[Extracted records]
* * * *
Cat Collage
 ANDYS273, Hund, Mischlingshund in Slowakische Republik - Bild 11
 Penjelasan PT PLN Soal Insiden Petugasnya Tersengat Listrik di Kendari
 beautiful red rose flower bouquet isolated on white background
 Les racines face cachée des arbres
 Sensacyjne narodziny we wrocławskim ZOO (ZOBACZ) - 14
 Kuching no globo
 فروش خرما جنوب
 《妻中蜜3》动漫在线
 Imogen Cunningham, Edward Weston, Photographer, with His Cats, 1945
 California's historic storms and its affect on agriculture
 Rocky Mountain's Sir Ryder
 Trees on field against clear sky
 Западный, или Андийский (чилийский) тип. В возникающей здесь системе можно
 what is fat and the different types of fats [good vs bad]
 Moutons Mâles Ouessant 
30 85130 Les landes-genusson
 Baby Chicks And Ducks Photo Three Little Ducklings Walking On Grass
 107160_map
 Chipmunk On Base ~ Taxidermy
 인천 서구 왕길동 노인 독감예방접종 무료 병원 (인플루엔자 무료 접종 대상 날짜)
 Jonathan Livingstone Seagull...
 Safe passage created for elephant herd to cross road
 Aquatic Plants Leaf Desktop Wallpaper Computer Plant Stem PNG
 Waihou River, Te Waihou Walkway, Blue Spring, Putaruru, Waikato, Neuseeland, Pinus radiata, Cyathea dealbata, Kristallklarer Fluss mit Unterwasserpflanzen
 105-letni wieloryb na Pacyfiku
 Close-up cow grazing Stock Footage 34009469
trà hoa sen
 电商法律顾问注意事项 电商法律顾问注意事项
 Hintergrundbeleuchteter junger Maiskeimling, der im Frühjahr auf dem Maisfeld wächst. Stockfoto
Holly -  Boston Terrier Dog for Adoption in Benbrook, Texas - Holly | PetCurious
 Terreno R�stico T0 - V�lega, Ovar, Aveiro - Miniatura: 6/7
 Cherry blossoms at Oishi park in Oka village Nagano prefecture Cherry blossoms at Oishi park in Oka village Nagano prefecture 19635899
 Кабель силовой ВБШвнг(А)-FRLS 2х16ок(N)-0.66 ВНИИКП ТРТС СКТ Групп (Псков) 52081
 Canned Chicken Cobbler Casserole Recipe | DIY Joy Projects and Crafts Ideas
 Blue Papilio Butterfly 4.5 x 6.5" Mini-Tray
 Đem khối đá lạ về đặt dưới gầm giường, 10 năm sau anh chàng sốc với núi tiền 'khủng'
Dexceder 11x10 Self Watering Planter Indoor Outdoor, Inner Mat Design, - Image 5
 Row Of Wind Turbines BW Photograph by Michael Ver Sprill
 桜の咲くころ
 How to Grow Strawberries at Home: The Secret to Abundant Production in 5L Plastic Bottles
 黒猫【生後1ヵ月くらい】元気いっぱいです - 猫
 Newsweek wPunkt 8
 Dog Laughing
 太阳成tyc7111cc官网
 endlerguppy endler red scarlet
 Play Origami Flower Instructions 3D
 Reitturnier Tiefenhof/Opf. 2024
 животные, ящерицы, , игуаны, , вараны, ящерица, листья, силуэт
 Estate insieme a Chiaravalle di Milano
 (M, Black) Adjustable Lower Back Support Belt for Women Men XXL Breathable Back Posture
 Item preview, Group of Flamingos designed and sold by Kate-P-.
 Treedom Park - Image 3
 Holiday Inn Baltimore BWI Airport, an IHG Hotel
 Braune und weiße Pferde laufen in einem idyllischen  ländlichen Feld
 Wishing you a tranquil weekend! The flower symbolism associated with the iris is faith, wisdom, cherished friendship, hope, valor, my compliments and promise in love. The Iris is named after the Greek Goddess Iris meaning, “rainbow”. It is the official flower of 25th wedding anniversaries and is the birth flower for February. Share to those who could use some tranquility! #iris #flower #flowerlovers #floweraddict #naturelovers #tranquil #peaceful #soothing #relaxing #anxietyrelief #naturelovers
* * * *
TASK REQUIREMENTS:
Give back precisely the lines above that start at the line containing "Kuching no globo" and end at the line containing "Trees on field against clear sky", inclusive. No other lines belong in the output.

SOLUTION TO THE PROBLEM:
 Kuching no globo
 فروش خرما جنوب
 《妻中蜜3》动漫在线
 Imogen Cunningham, Edward Weston, Photographer, with His Cats, 1945
 California's historic storms and its affect on agriculture
 Rocky Mountain's Sir Ryder
 Trees on field against clear sky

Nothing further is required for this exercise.